1-dimensional arrays
Input conv([4 5 6], [2 3])
returns [8 22 27 18]
. I find it easiest to think of this in terms of multiplying polynomials:
(4 + 5x + 6x ^ 2) * (2 + 3x) = 8 + 22x + 27x ^ 2 + 18x ^ 3
Use the entries of each array as polynomial coefficients, multiply polynomials, collect as members, and read the result from the coefficients. The x forces are here to keep track of what is multiplied and added. Note that the coefficient at x ^ n is in the (n + 1) th notation, since powers of x start at 0 and indices start at 1.
2-dimensional arrays
Input conv2([2 3; 3 1], [4 5 6; 0 -1 1])
returns a matrix
8 22 27 18
12 17 22 9
0 -3 2 1
Again, this can be interpreted as multiplying polynomials, but now we need two variables, say x and y.
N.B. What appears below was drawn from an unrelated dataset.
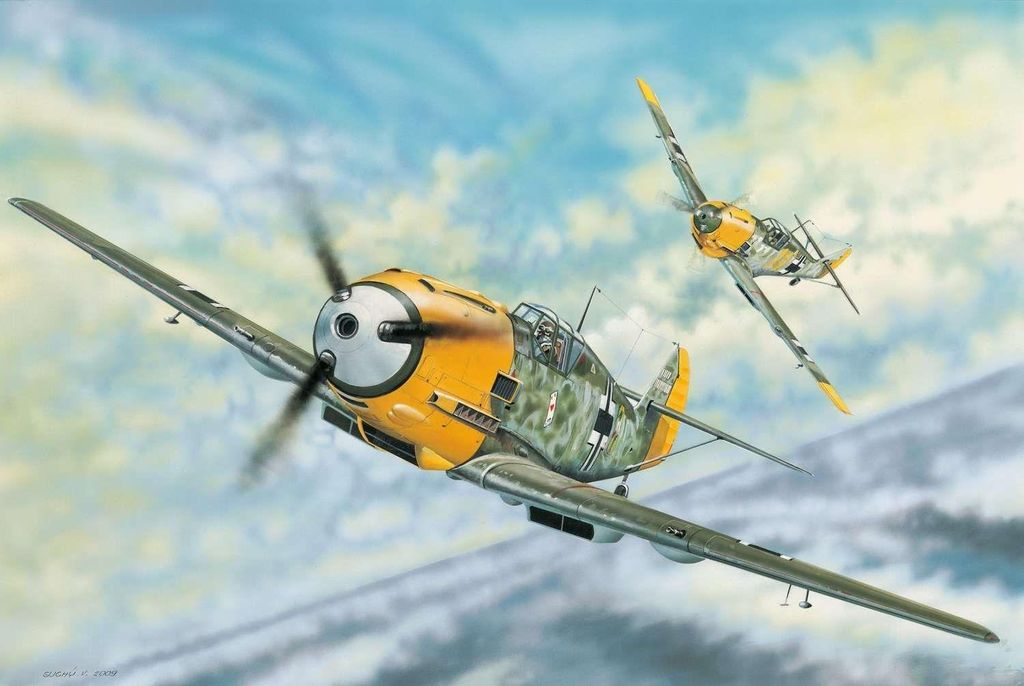 Trumpeter Messerschmitt Bf 109E-3 1:32, 02288 Produktbild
The coefficient at x ^ ny ^ m is in the (m + 1, n + 1) input. The above output means that
(2 + 3x + 3y + xy) * (4 + 5x + 6x ^ 2 + 0y-xy + x ^ 2y) = 8 + 22x + 27x ^ 2 + 18x ^ 3 + 12y + 17xy + 22x ^ 2y + 9x ^ 3y-3xy ^ 2 + 2x ^ 2y ^ 2 + x ^ 3y ^ 2
3-dimensional arrays
The same story. You can think of records as coefficients of a polynomial in variables x, y, z. The polynomials are multiplied and the coefficients of the product are the result of the convolution.
"valid" parameter
This preserves only the central part of the convolution: those coefficients in which the all terms of the second factor participate . For this to be non-empty, the second array must be no larger than the first. (This is unlike the default setting, for which the order of the collapsed arrays does not matter.) Example:
conv([4 5 6], [2 3])
returns [22 27]
(compared to the 1D example above). This is consistent with what in
(4 + 5x + 6x ^ 2) * (2 + 3x) = 8+ 22x + 27x ^ 2 + 18x ^ 3
The bold terms received contributions from both 2 and 3x.